The demands on sensitivity of HPV typing assays vary depending on the purpose of the testing. The WHO HPV LabNet proficiency panels are designed to evaluate the performance of HPV typing tests used in HPV vaccinology and HPV surveillance. In vaccinology, high analytical sensitivity is needed, as failure to detect prevalent infections at trial entry may result in false vaccine failures in vaccination trials. It should be noted that the HPV tests used in cervical cancer screening programs have different requirements for evaluation, since for that purpose, only HPV infections associated with high-grade cervical intraepithelial neoplasia or cancer and not those transient HPV infections that do not give rise to clinically meaningful disease are relevant.
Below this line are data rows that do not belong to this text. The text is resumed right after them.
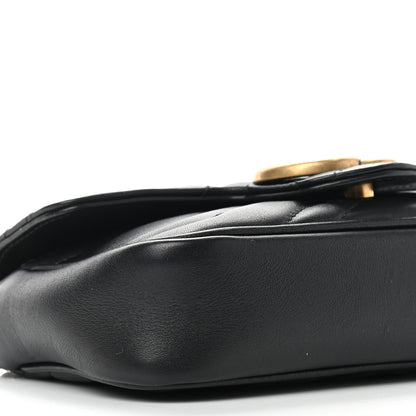 Gucci Calfskin Matelasse Super Mini GG Marmont Shoulder Bag Black 8 of 10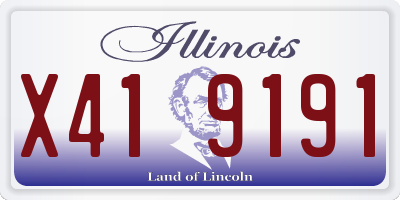 IL license plate X419191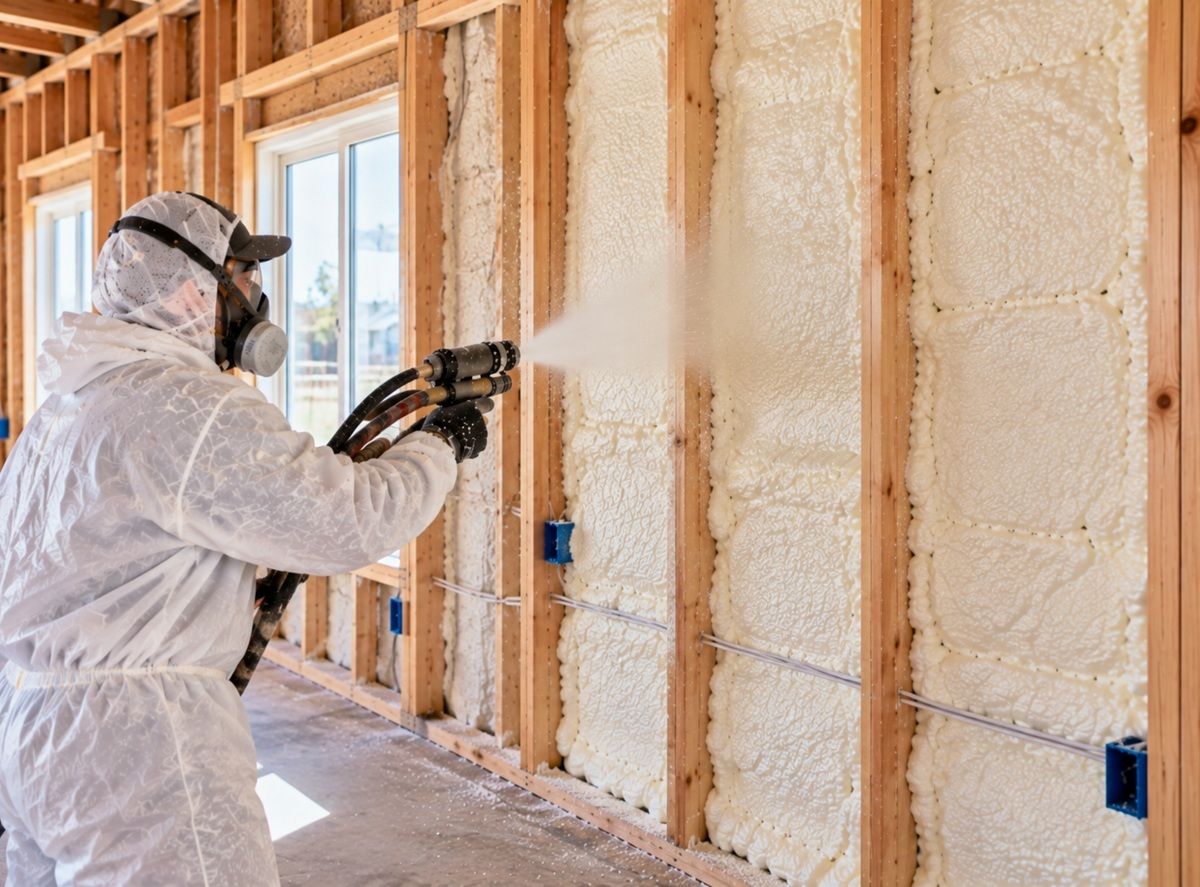 Open cell spray foam wall insulation installation in Killeen TX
Since the latter are characterized by low viral loads, HPV screening assays do not have demands on analytical sensitivity that are as high (
19).
In conclusion, we find that the use of global HPV DNA typing proficiency panels for validating different HPV DNA tests and laboratories promotes the comparability of data generated from different laboratories worldwide. Regularly issued global HPV DNA typing proficiency panels that allow comparison of global results over time will be required for the continuing work toward international standardization and quality improvement of HPV DNA typing results worldwide.